“Kenapa kau selalu mengatakan itu?” tanya Lyra, ia mencondongkan tubuhnya ke arah sang Bulan. Sang Bulan sering sekali mengulang perkataan yang sama, dan lama-kelamaan gadis itu melihatnya sebagai bentuk sifat pesimistis.
“Karena memang begitulah faktanya.”
“Ya, tapi kenapa?” desak Lyra lagi. “Apa alasannya? Kalian tinggal di langit yang sama, kalian juga hidup berdampingan. Apa salahnya untuk bersama?”
Untuk pertama kalinya, sang Bulan menghela napas. “Tidakkah kau mengenal siang dan malam?”
“Ya, aku tahu. Tapi, pada pagi hari setelah fajar, atau saat senja, aku pernah melihat bulan masih berada di langit biru setelah matahari terbit.

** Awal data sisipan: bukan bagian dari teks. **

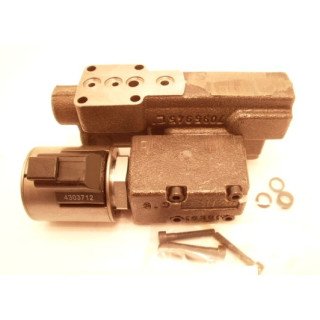 J+F+E AF 12V DC NO on/off +PC RIGHT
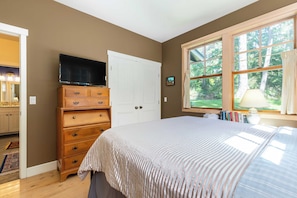 Maison (4 Bedrooms) | Intérieur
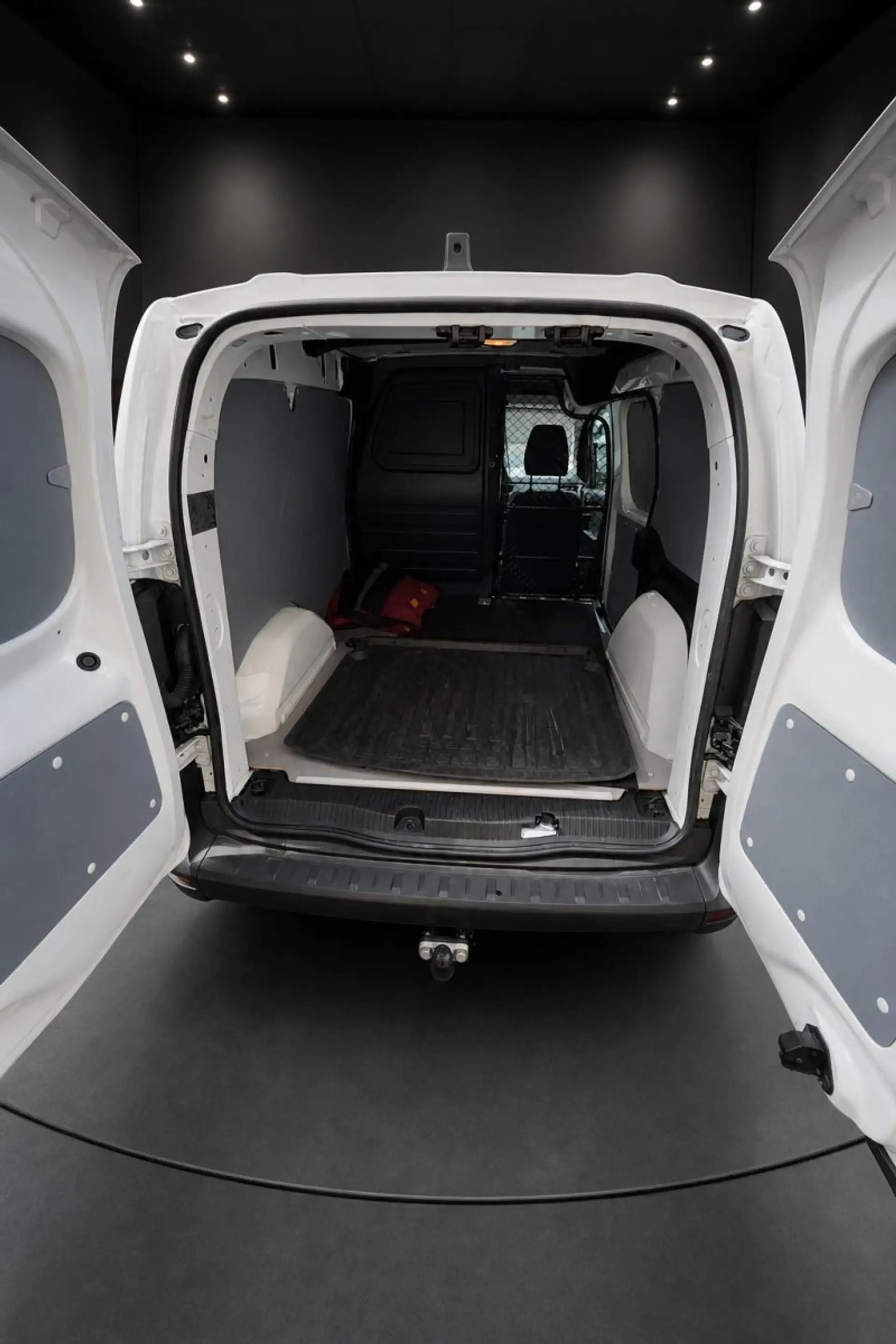 Renault Kangoo dCi 95 Advance — photo 7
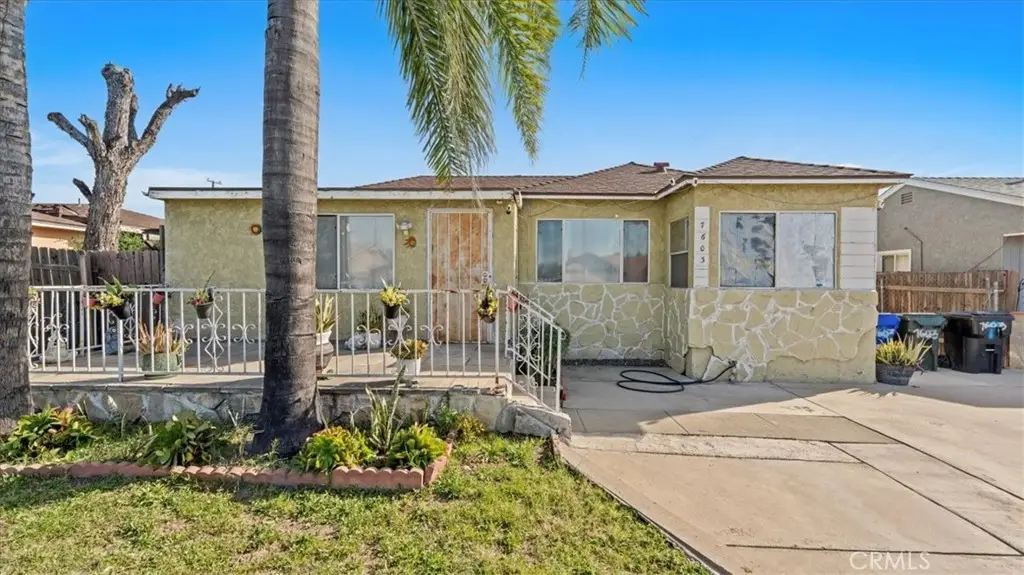 7603 Date Street, Fontana, CA 92336 - Image #1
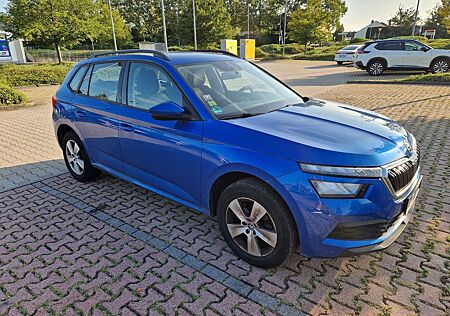 Skoda Kamiq 1.0 TSI Active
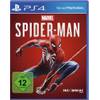 Spider Man von Insomniac Games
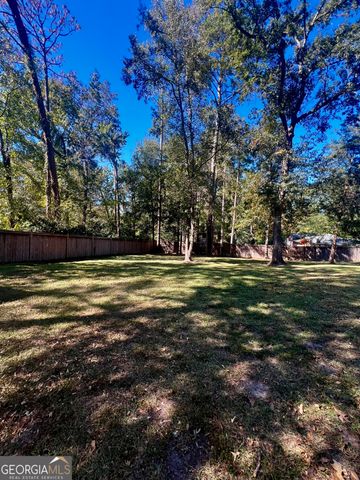 203 Smithfield Road, Dublin, GA 31021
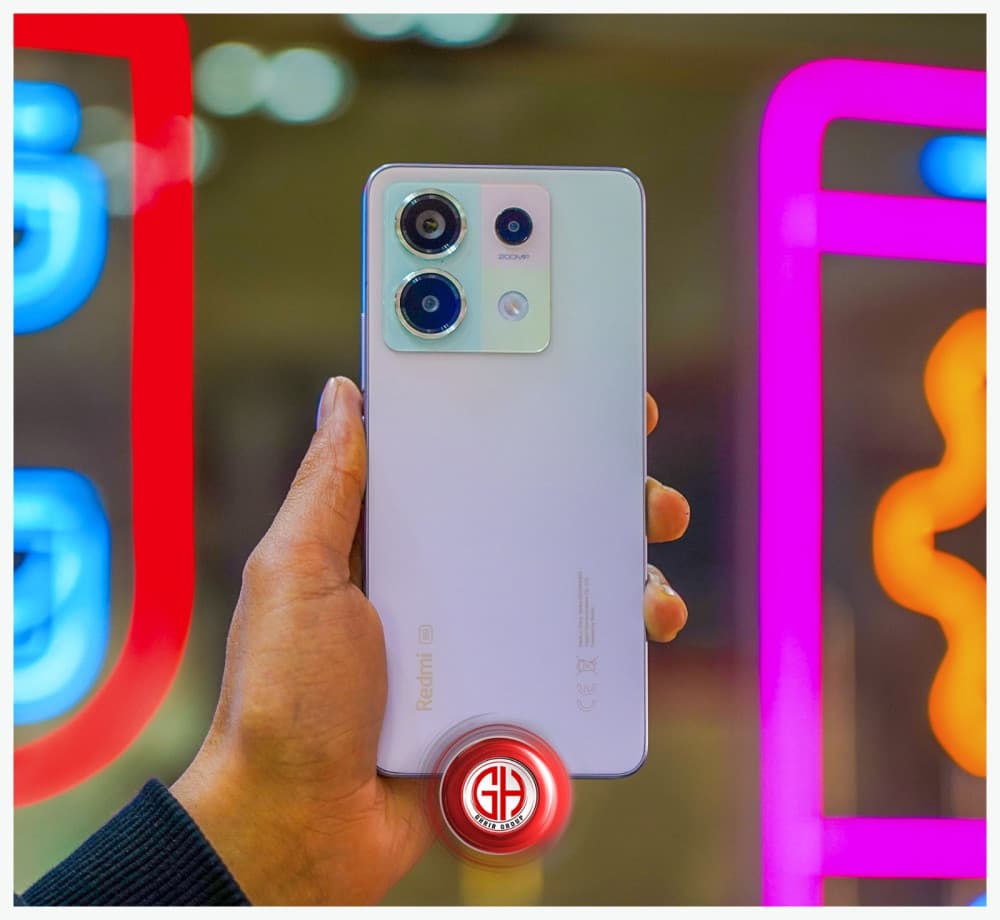  Redmi Note 13 Pro 5G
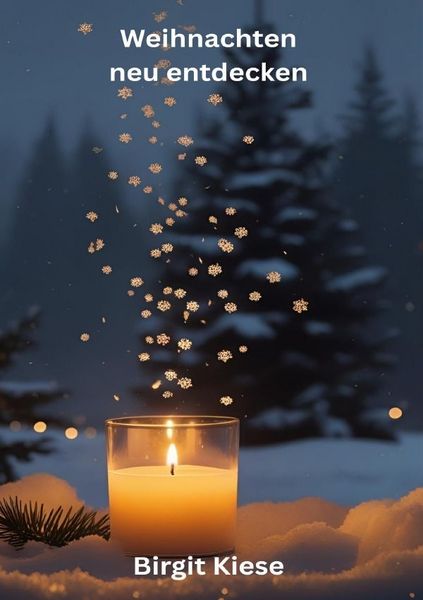 Produktbild: Weihnachten neu entdecken
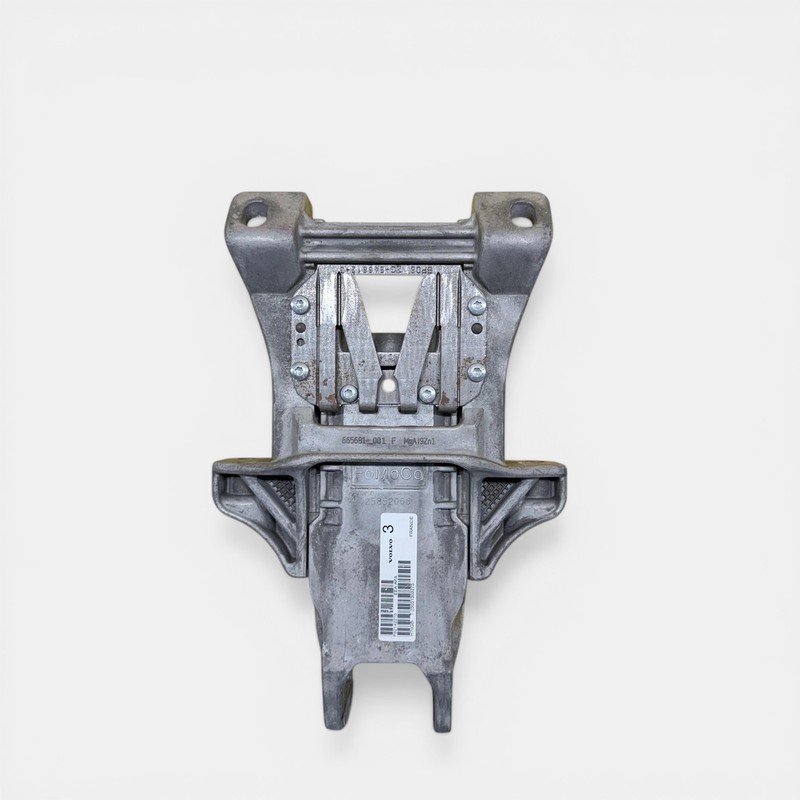 2019-2025 VOLVO XC90 MANUAL ADJUST STEERING COLUMN BRACKET OEM 32142273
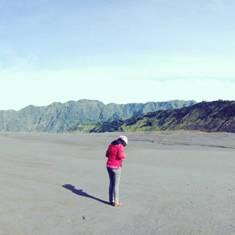 &#91; GATSUONE INFO &#93; Yuk Jadi Turis Yang Keren!
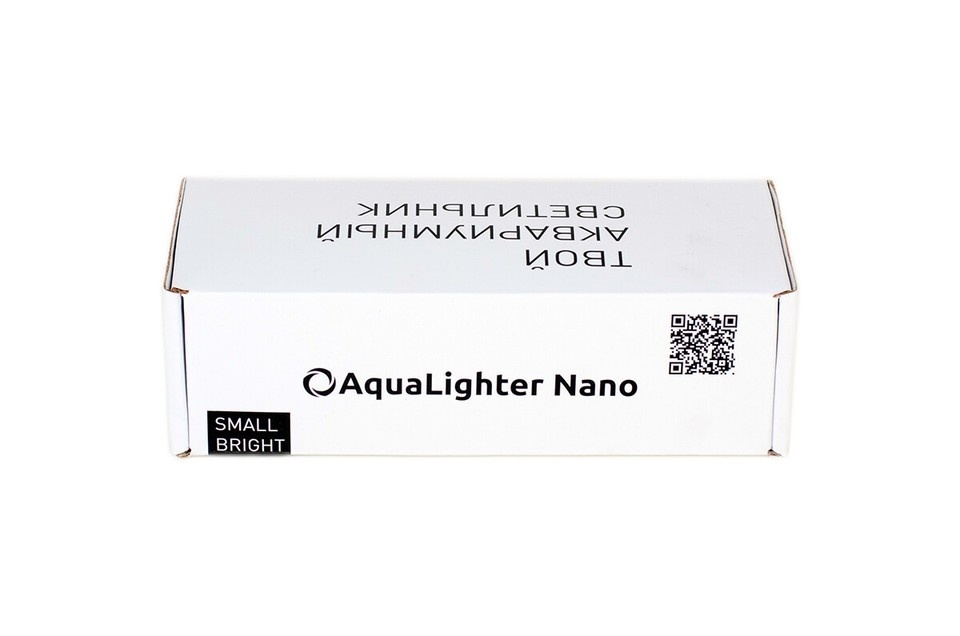 Collar/AquaLighter AquaLighter Nano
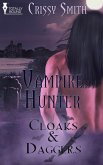 Vampire Hunter (eBook, ePUB)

Kau ada di sana saat pagi hari dan senja.”
“Ketika dalam beberapa waktu yang jarang kau dapat melihat diriku pada pagi hari dan senja, itu hanyalah wujud kedambaan dan harapan terdalamku untuk bisa bersama dan bersatu dengan sang Matahari. Walaupun kau melihatku, namun hanya seperti bentuk kecil di langit dari kejauhan. Karena begitulah, caraku mencintai Sang Matahari.”
Lyra tertegun. Rasanya ia salah menilai sang Bulan, dan mulai memahaminya.
“Pernahkah kau melihat matahari pada malam hari?”
Lyra menggeleng.
“Kini, bisakah kau mulai melihat seluruh gambarnya?”
Lyra mengangguk. Hanya ada satu pihak yang selama ini selalu mencintai, yaitu sang Bulan. Kehadirannya yang jauh saat waktu tertentu pada pagi hari atau senja, adalah caranya mencuri-curi celah untuk melihat sang Matahari lebih dekat. Bersama dalam satu waktu langit.
Sedangkan sang Matahari, tidak pernah merasakan hal yang sama.
“Dan juga,” sang Bulan berkata lagi. “Aku menyayangi dan menghormati bumi dan alam semesta dan segala isinya dengan segenap hati dan hidupku. Aku tidak akan mampu mengorbankan itu semua, demi dapat bersatu, dan membuat sang Matahari menoleh ke arahku.”
“Kau pernah bercerita kau diciptakan untuk menjaga bumi,” kata Lyra.